Soucieuse d’améliorer la justice rendue en comparutions immédiates et consciente des nombreuses problématiques dénoncées par ses confrères comme par les syndicats de magistrats, la vice-bâtonnière a confié la réalisation d’un rapport sur cette juridiction à Emmanuel Daoud et Aurélie Soria (en charge du bureau pénal du conseil de l’Ordre). « À partir du moment où une alerte est lancée quelque part (comme à Créteil, ndlr), il vaut mieux avoir une belle vision de terrain et mesurer les points à améliorer avant que n’arrive une catastrophe », souligne Dominique Attias. « Nous voulons préparer un questionnaire qui serait adressé via le barreau pénal à l’attention de nos consœurs et confrères afin de faire un état des lieux le plus objectif possible de ce qui se passe lors de ces audiences de comparutions immédiates », explique Emmanuel Daoud, l’objectif étant de « proposer des solutions en se rapprochant des présidents de ces chambres et essayer d’avancer de façon constructive ». L’avocat du cabinet Vigo avait lui aussi signé la tribune pour la suppression de ces juridictions en novembre dernier. « Dans l’absolu, je suis pour leur suppression. Maintenant elles existent. Et cela ne me pose pas de difficultés d’essayer d’améliorer l’existant », assure-t-il, évoquant un calendrier à deux ou trois mois pour ce rapport, le temps de produire « un travail sérieux et de qualité ». « Le problème en matière de comparutions immédiates aujourd’hui, précise-t-il, ce sont les sanctions prononcées qui sont de plus en plus lourdes en prison ferme, trois, quatre, six ans. Et pas toujours sur des peines de violences volontaires ».

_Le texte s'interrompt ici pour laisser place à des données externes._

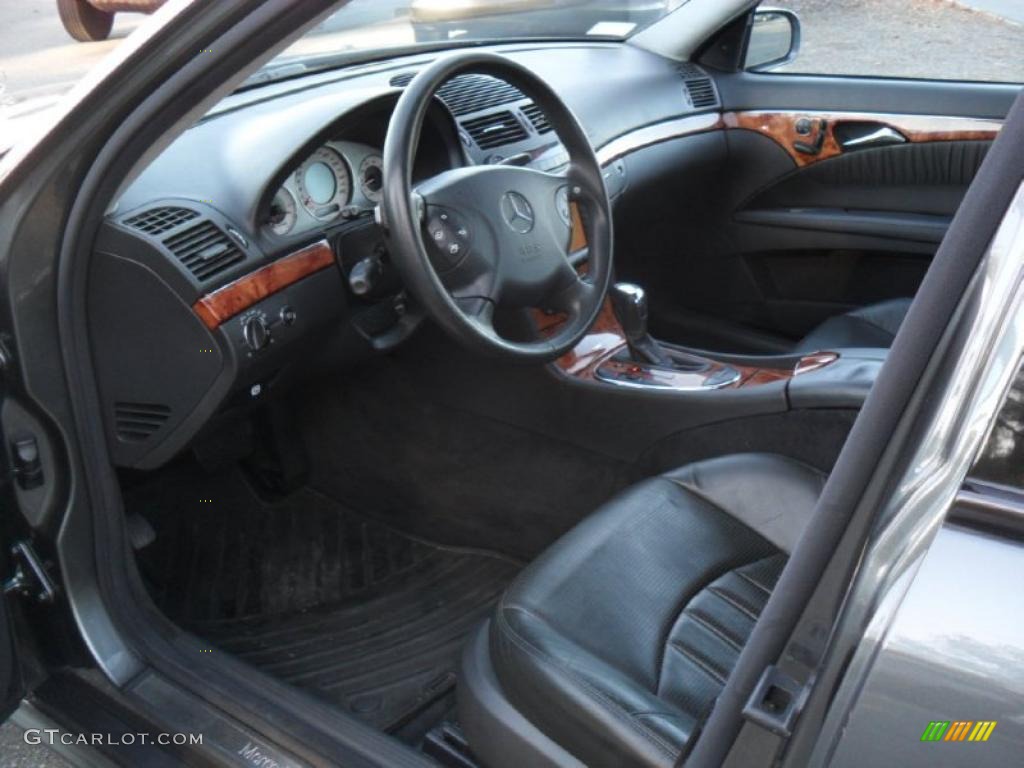 Charcoal Interior 2004 Mercedes-Benz E 55 AMG Sedan Photo #42381711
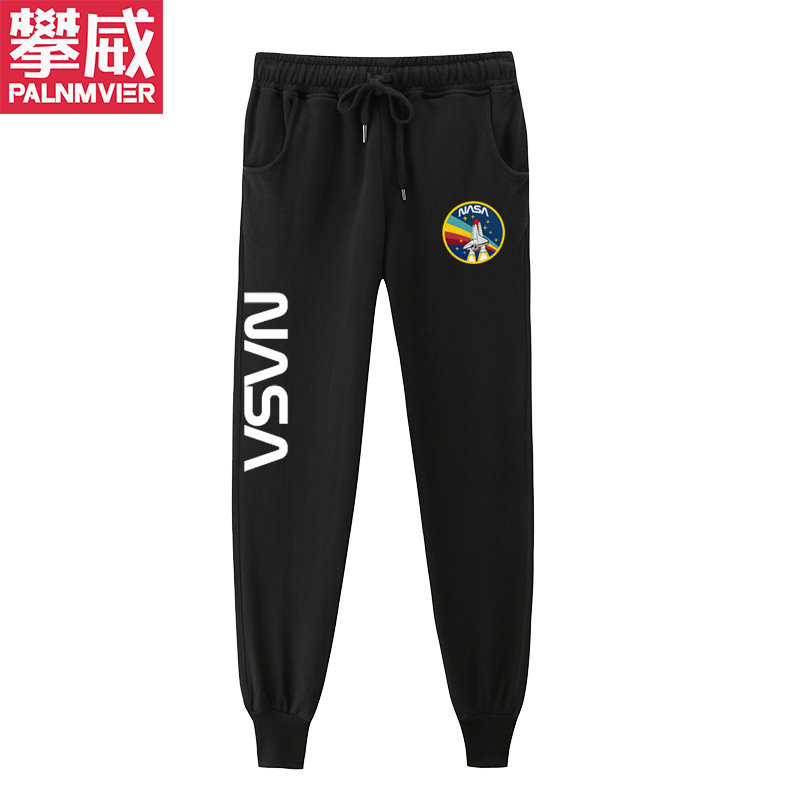 火星救援银河系美国国家航空航天局nasa标志衣服休闲裤子小脚卫裤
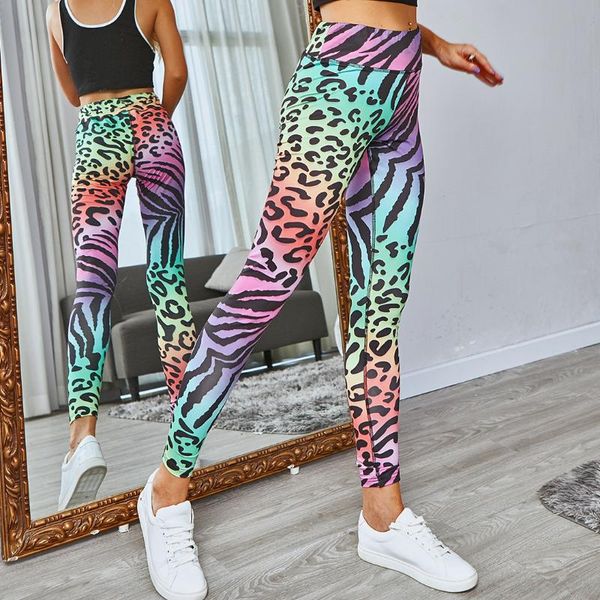 

women's pants & capris women summer fashion ladies vintage printed skinny sweatpants 2021 casual street, Black;white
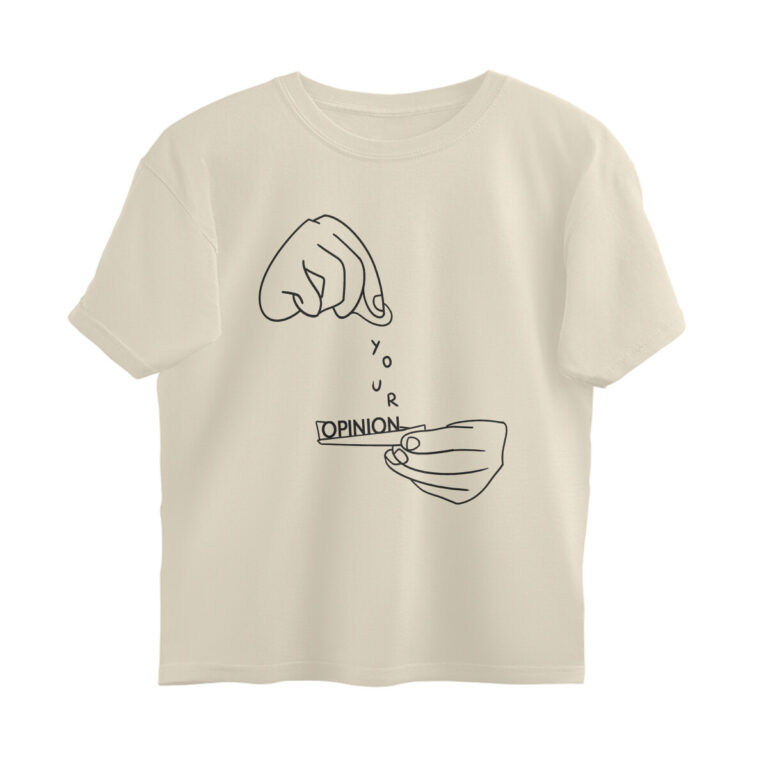 cool oversized t shirt your opinion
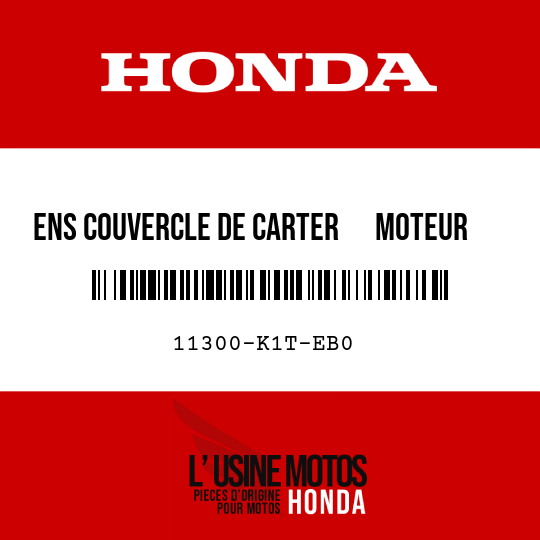 image de 11300-K1T-EB0 ENS COUVERCLE DE CARTER      MOTEUR D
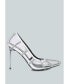 ფოტო #1 პროდუქტის diamante clear stiletto heel pumps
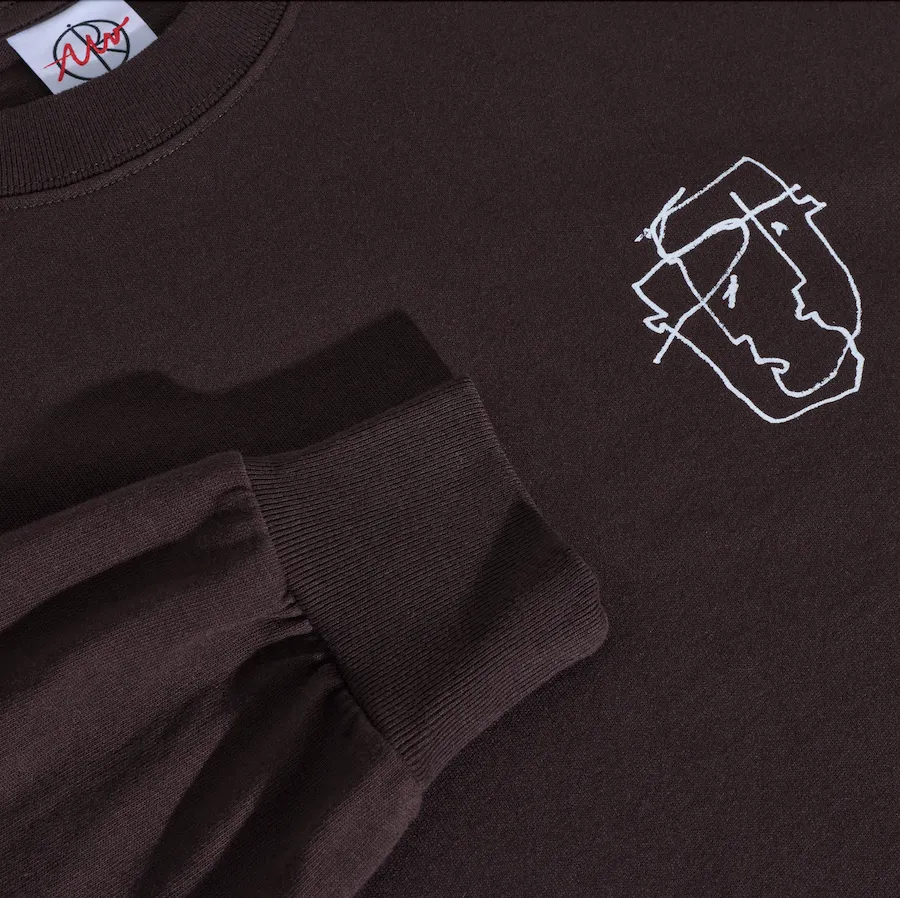 LS Tee |Tied Up - Chocolate sold by Polar Skate product image thumbnail 3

Pour Anne-Sophie Laguens, ancienne secrétaire de la Conférence du stage, institution qui chaque année gère les permanences de renvoi en comparutions immédiates, ces juridictions aboutissent « à une justice trop rapide, d’usine à gaz et à des casiers judiciaires qui se rallongent un peu artificiellement au fil du temps ». Les avocats de permanence doivent bien souvent gérer plusieurs dossiers arrivés le matin pour l’audience de l’après-midi ce qui leur laisse au mieux 30 minutes pour étudier le dossier, la même chose pour rencontrer le comparant dans les boxes archaïques de la P12. Reste la possibilité pour ces derniers de solliciter un renvoi s’ils estiment nécessaire d’accorder à ce dossier le temps nécessaire à l’étude, avec le risque toutefois que le mis en cause soit placé en détention jusqu’à la date de son jugement en comparutions immédiates s’il ne présente pas de garanties suffisantes de présentation. « Cela signifie que la fois d’après, quand il sera jugé, il y a toutes les chances pour que la juridiction le condamne à une peine de prison ferme pour justifier qu’il ait fait un mois de détention même si tout porte à la relaxe », commente l’avocate. Et de conclure : « si c’est pour un petit délit, on se demande si ça vaut la peine de renvoyer le dossier ».

Après les comparutions immédiates, Emmanuel Daoud et Aurélie Soria souhaiteraient réaliser un autre rapport, sur les chambres de l’instruction cette fois. « Parce qu’on n’arrête pas de parler du malaise dans les relations entre les avocats et les magistrats et on voudrait le mesurer pour ne pas être dans des positions de principe », explique le premier. « Nous sommes différents, nous avons parfois des désaccords avec les magistrats, confirme la vice-bâtonnière Dominique Attias, mais cela ne justifie pas que nous n’essayions pas d’améliorer les choses ».